> **Problem requirements**
Output the records exactly as they appear, with no pictures included.

──────

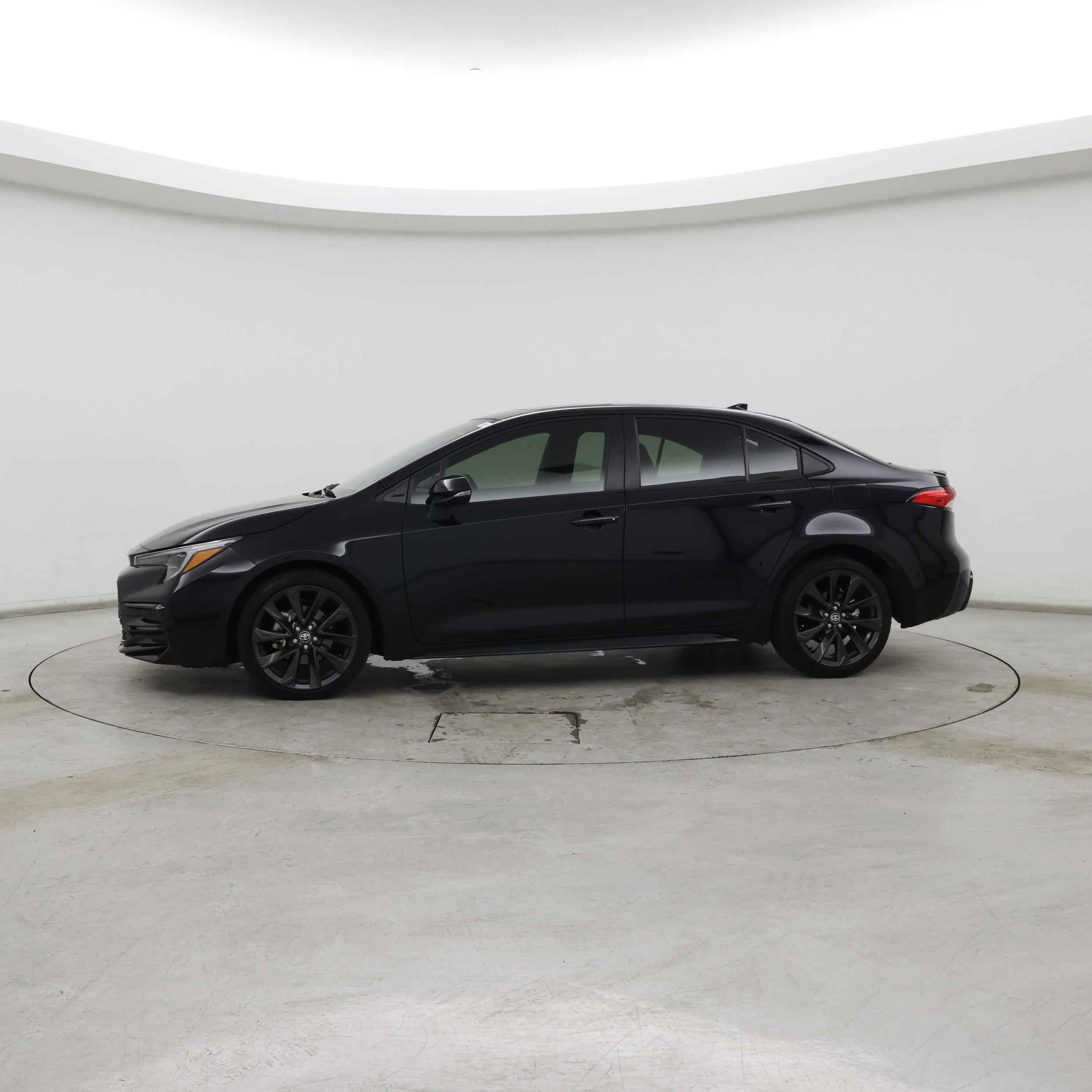Thumbnail: 2023 Toyota Corolla - 3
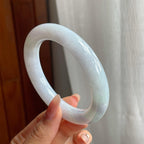 糯冰种淡紫底翡翠圆条手镯（55mm）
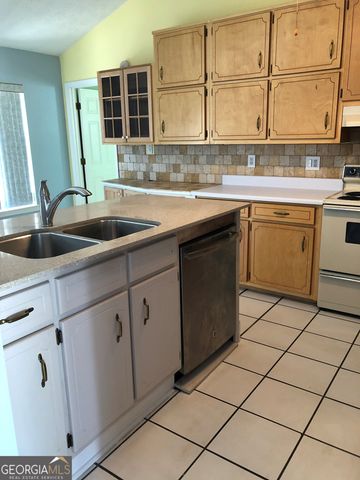 290 Monmouth Drive, Fayetteville, GA 30214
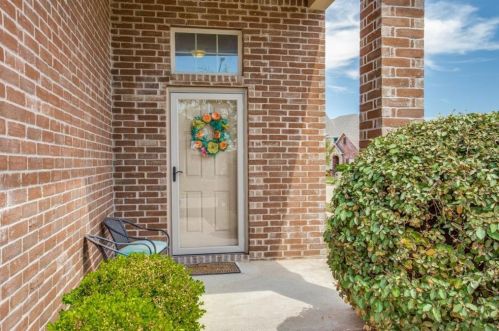 5621 Thunder Bay Dr, Fort Worth, TX 76119-8508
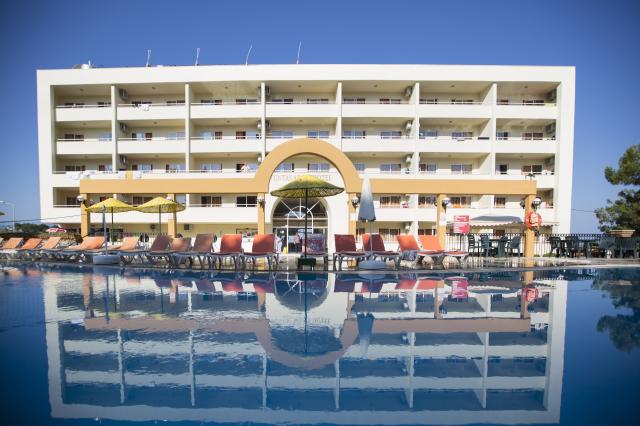 TUNTAS FAMILY SUITES KUSADASI - Bazény - Venkovní bazén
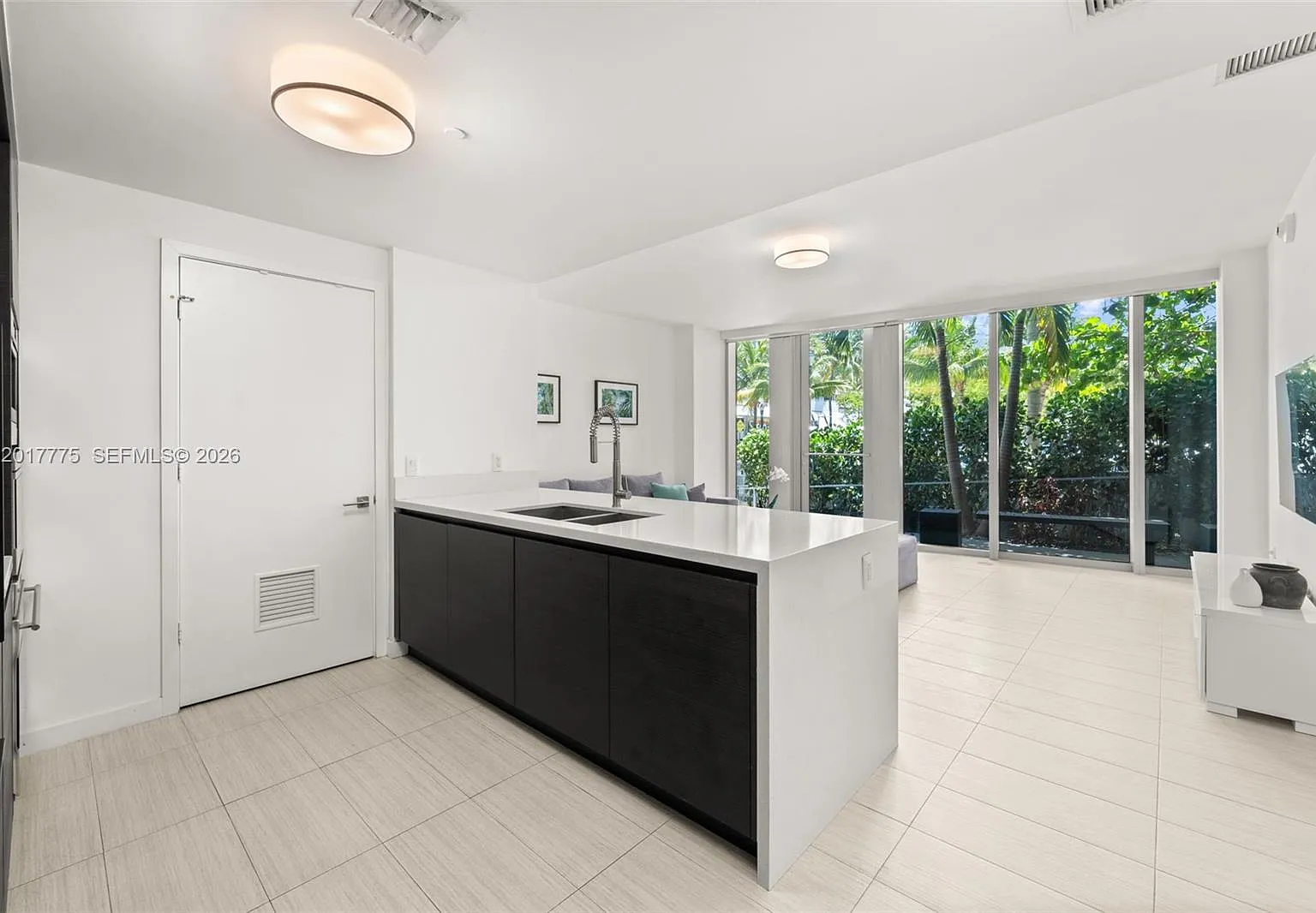 One Ocean Condo — Photo 3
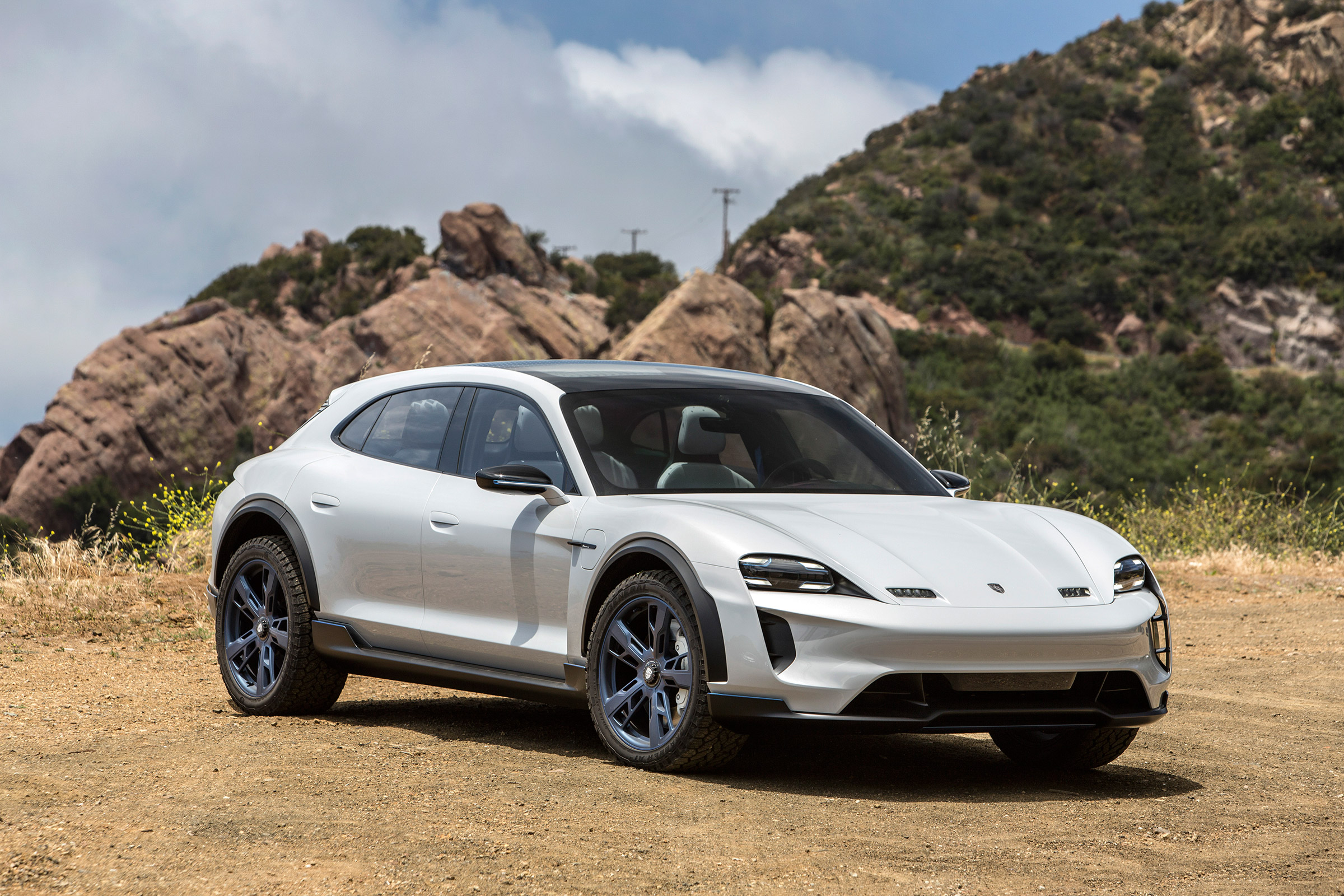 Porsche Mission E Cross Turimso - front static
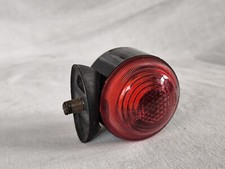 Hella Begrenzungsleuchte Rot Weiß mit Befestigungsschraube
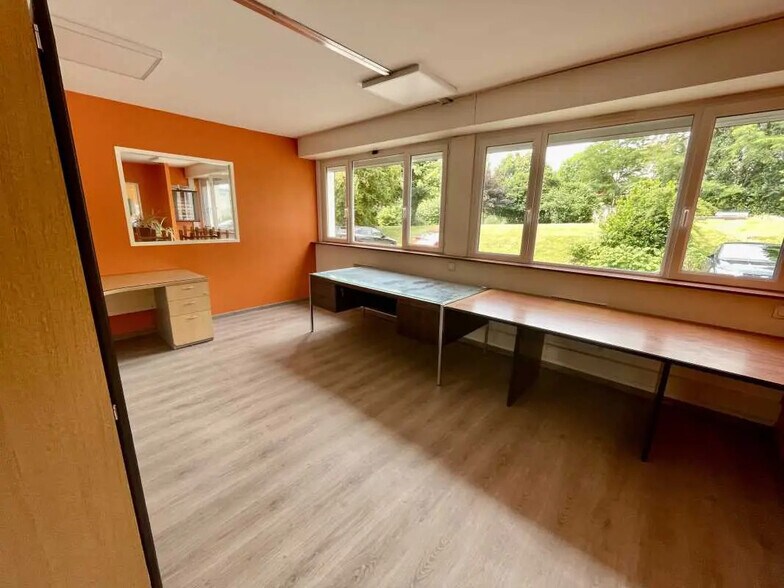 Bureau dans Rouen à louer - Photo de l’immeuble – Image 1 sur 11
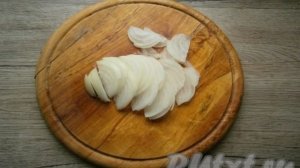 Бефстроганов из курицы со сметаной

──────

> **Exercise output**
Thumbnail: 2023 Toyota Corolla - 3
 糯冰种淡紫底翡翠圆条手镯（55mm）
 290 Monmouth Drive, Fayetteville, GA 30214
 5621 Thunder Bay Dr, Fort Worth, TX 76119-8508
 TUNTAS FAMILY SUITES KUSADASI - Bazény - Venkovní bazén
 One Ocean Condo — Photo 3
 Porsche Mission E Cross Turimso - front static
 Hella Begrenzungsleuchte Rot Weiß mit Befestigungsschraube
 Bureau dans Rouen à louer - Photo de l’immeuble – Image 1 sur 11
 Бефстроганов из курицы со сметаной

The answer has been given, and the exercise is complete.